---------- Raw data ----------
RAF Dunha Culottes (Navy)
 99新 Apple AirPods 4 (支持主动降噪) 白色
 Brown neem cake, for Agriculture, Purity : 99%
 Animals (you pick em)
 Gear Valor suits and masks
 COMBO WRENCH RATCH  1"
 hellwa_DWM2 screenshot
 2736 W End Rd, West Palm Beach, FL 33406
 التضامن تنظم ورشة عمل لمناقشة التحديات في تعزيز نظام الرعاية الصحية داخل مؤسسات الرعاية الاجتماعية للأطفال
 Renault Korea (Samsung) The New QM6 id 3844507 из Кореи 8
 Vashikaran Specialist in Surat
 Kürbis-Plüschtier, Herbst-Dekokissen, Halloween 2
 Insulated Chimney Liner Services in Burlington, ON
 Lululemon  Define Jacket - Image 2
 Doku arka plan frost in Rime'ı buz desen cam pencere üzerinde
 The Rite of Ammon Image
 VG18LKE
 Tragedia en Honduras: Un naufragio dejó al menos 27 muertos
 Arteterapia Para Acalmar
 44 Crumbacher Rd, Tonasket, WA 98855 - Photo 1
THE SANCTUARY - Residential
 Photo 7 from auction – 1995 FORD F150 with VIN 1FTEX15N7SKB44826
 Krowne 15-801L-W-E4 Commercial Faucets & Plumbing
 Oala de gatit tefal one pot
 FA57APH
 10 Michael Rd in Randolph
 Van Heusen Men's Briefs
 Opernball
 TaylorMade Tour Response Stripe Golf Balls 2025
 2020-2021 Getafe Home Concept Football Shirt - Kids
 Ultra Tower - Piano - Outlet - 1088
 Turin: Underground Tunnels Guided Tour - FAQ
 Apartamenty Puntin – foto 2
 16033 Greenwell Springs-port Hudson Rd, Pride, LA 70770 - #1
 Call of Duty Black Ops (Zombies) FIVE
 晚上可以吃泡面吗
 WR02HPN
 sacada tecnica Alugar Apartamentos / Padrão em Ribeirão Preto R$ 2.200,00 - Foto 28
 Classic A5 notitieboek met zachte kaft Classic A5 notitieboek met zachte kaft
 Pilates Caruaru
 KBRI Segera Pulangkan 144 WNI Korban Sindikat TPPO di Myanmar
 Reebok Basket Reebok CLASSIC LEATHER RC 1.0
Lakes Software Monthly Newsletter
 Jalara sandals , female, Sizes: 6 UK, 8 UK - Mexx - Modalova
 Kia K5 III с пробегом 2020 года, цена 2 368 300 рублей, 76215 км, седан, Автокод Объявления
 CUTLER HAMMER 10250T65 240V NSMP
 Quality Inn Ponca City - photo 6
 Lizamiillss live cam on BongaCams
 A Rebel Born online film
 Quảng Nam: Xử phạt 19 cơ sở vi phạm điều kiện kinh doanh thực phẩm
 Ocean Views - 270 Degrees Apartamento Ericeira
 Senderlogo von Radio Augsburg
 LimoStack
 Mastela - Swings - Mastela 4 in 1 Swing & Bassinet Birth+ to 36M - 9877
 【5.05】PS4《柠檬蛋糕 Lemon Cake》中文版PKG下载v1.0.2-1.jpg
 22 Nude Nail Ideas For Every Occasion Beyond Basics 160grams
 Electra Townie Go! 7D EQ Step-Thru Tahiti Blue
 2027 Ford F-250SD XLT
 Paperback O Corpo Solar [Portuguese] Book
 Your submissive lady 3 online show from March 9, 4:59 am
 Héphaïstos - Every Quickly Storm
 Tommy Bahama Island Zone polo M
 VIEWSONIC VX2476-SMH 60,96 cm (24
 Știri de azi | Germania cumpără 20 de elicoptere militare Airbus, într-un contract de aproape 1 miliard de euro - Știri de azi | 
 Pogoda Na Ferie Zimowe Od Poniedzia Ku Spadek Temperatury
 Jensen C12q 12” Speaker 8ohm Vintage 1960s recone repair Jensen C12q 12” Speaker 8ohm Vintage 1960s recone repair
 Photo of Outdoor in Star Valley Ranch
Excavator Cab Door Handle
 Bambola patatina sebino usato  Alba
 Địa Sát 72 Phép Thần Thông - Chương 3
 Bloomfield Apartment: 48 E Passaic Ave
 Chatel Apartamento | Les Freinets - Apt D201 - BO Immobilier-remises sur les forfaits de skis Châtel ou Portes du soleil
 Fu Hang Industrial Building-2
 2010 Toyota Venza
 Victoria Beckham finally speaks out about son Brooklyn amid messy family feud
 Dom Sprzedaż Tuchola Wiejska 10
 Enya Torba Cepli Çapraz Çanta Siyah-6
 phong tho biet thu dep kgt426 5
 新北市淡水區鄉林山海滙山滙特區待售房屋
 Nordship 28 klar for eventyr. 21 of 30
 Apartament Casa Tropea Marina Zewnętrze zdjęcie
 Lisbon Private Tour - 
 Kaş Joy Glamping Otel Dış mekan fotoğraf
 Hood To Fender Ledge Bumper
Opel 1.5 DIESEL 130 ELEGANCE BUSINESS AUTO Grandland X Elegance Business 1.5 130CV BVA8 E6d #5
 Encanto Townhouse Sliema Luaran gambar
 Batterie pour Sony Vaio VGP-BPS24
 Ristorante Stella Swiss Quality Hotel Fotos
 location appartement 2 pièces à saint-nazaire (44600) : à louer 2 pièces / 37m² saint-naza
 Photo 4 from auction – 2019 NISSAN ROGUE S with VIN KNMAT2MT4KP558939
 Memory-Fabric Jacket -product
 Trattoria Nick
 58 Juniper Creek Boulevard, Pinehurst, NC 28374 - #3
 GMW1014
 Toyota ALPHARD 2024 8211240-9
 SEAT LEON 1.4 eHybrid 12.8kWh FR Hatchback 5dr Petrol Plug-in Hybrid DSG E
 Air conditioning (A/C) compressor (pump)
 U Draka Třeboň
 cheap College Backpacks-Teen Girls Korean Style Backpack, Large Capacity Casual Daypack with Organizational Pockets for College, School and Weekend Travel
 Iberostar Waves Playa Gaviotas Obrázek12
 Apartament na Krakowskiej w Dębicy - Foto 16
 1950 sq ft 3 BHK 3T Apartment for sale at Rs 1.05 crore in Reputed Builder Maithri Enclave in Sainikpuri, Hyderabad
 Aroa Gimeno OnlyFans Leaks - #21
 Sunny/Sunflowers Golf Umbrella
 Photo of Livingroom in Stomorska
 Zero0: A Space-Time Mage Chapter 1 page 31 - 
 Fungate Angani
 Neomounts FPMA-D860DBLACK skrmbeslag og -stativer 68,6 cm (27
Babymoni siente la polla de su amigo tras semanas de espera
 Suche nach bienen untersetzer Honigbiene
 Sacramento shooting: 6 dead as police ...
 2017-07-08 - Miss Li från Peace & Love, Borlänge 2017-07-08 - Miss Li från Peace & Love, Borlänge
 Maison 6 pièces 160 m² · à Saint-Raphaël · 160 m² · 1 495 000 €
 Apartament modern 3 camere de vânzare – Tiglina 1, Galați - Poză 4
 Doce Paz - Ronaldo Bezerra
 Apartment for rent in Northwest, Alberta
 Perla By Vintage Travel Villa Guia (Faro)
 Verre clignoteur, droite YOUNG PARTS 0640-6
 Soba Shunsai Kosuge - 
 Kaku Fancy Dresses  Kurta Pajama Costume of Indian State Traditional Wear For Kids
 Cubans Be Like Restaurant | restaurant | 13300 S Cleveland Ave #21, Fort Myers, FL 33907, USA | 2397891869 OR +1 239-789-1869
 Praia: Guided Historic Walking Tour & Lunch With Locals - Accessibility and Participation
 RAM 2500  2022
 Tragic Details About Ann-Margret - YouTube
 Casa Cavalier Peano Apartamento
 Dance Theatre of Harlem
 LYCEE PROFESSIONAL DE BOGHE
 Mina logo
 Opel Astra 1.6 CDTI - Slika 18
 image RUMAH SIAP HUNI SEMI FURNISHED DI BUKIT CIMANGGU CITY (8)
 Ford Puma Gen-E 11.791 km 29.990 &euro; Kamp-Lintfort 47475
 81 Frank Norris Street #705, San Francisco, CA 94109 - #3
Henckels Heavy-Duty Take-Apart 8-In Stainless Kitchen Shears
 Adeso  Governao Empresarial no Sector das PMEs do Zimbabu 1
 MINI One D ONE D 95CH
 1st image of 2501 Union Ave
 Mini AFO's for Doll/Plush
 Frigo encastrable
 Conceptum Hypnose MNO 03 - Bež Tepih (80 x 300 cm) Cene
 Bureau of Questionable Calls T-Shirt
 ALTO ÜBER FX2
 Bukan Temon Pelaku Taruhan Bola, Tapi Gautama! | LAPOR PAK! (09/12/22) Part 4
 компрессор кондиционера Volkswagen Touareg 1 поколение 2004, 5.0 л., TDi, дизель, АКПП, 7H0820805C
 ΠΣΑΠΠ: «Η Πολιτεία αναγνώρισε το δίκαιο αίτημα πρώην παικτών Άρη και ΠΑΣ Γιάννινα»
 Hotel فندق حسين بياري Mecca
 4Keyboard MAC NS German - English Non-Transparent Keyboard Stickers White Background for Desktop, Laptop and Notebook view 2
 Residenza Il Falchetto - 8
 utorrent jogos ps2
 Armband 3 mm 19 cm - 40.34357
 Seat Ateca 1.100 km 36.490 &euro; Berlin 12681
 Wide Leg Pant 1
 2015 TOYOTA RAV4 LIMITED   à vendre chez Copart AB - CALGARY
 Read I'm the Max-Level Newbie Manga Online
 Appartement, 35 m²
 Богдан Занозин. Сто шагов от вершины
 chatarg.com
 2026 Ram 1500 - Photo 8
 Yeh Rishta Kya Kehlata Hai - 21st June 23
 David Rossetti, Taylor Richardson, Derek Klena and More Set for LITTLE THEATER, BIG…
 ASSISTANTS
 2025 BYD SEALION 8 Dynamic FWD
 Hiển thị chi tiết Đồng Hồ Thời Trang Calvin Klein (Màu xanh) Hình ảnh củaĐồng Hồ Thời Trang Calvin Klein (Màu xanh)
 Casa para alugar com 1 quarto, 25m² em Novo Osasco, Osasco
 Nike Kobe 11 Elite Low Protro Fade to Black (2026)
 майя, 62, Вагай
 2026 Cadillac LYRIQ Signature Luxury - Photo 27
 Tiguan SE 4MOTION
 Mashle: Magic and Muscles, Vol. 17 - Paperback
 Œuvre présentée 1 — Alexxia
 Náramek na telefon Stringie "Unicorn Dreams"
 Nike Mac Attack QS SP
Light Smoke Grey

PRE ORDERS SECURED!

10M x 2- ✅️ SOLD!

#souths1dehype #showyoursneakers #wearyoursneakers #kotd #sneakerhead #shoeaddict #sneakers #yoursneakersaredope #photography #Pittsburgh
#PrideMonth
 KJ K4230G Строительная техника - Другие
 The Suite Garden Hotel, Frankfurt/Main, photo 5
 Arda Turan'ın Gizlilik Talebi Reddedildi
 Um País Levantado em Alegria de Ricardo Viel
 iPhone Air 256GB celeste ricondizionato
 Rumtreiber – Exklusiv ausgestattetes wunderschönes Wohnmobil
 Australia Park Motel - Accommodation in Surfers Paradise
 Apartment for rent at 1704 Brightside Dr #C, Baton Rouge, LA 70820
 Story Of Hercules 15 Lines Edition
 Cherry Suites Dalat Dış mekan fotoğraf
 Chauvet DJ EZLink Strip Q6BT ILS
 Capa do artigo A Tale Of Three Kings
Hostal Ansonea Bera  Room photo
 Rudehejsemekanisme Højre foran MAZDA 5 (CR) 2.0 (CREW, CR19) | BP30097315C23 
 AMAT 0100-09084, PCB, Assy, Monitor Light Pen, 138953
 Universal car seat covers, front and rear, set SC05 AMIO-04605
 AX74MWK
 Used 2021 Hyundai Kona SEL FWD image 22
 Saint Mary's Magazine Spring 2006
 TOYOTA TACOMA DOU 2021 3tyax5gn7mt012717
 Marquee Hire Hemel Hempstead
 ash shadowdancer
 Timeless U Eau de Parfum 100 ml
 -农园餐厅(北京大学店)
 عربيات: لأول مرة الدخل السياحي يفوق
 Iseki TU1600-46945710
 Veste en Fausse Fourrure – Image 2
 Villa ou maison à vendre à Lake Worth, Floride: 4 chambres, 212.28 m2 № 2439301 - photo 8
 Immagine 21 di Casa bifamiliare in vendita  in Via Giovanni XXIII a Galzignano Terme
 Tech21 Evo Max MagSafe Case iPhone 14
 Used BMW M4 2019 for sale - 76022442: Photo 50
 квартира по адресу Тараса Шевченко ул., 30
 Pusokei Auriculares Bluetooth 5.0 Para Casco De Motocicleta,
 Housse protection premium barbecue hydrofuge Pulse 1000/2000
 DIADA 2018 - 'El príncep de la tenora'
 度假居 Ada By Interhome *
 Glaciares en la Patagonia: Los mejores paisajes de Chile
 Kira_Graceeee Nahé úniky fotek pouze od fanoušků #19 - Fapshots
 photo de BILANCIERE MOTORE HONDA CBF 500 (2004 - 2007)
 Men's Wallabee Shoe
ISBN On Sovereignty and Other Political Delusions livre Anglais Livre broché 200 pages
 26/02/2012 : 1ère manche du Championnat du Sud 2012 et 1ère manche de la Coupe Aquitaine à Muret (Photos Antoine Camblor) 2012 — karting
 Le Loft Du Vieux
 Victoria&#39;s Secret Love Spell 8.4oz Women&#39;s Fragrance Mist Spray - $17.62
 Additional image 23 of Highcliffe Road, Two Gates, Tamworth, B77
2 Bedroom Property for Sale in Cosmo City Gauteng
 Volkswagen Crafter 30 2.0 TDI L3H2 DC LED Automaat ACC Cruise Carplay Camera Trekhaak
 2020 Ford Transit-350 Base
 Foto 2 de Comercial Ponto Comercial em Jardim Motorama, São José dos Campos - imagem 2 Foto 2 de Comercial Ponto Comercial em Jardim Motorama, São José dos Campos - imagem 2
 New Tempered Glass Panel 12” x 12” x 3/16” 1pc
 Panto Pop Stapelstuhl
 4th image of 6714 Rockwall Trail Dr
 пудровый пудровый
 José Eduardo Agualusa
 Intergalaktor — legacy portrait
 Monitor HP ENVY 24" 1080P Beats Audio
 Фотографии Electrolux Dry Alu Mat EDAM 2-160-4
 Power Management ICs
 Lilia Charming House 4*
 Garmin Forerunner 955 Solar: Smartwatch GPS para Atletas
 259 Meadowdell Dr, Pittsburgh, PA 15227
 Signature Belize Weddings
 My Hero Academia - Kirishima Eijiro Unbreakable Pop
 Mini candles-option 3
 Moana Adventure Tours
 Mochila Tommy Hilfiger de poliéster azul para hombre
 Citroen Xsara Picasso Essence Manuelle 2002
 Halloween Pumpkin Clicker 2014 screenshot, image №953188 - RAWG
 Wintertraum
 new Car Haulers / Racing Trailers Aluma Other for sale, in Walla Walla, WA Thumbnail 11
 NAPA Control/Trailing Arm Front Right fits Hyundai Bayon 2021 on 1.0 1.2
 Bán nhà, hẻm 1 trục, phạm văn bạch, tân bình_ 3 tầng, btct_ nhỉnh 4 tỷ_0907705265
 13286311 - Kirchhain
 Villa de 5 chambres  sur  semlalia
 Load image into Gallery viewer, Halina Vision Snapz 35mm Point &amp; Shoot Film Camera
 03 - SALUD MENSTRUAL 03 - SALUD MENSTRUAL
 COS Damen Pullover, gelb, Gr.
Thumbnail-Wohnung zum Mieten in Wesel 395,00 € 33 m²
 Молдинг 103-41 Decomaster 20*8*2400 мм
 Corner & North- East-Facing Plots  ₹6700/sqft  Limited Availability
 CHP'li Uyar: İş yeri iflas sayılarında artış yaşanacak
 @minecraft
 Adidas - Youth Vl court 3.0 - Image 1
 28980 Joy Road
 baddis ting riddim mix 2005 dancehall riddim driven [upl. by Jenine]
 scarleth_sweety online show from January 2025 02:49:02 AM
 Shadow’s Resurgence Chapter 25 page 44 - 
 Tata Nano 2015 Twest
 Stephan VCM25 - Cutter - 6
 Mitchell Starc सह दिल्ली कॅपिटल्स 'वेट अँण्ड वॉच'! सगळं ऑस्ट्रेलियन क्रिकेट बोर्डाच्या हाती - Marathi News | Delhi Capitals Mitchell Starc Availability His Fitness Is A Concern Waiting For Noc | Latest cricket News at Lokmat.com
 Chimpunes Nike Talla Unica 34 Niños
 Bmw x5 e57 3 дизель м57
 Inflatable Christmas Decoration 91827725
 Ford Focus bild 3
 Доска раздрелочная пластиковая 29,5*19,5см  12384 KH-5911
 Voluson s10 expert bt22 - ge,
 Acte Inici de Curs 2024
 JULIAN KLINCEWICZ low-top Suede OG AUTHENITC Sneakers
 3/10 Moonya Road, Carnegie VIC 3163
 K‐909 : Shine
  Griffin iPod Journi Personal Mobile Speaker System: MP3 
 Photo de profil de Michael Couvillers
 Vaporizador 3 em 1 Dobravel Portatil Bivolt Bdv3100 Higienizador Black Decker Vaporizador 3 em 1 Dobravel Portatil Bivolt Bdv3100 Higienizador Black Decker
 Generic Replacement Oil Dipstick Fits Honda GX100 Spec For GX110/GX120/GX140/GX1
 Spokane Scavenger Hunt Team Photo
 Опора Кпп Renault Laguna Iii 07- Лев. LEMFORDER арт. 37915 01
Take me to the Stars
----------
◆ **Task brief**
Repeat, character for character, the lines of the material above from the line with "AMAT 0100-09084, PCB, Assy, Monitor" through the line with "Villa ou maison".

◆ **Solution to the exercise**
 AMAT 0100-09084, PCB, Assy, Monitor Light Pen, 138953
 Universal car seat covers, front and rear, set SC05 AMIO-04605
 AX74MWK
 Used 2021 Hyundai Kona SEL FWD image 22
 Saint Mary's Magazine Spring 2006
 TOYOTA TACOMA DOU 2021 3tyax5gn7mt012717
 Marquee Hire Hemel Hempstead
 ash shadowdancer
 Timeless U Eau de Parfum 100 ml
 -农园餐厅(北京大学店)
 عربيات: لأول مرة الدخل السياحي يفوق
 Iseki TU1600-46945710
 Veste en Fausse Fourrure – Image 2
 Villa ou maison à vendre à Lake Worth, Floride: 4 chambres, 212.28 m2 № 2439301 - photo 8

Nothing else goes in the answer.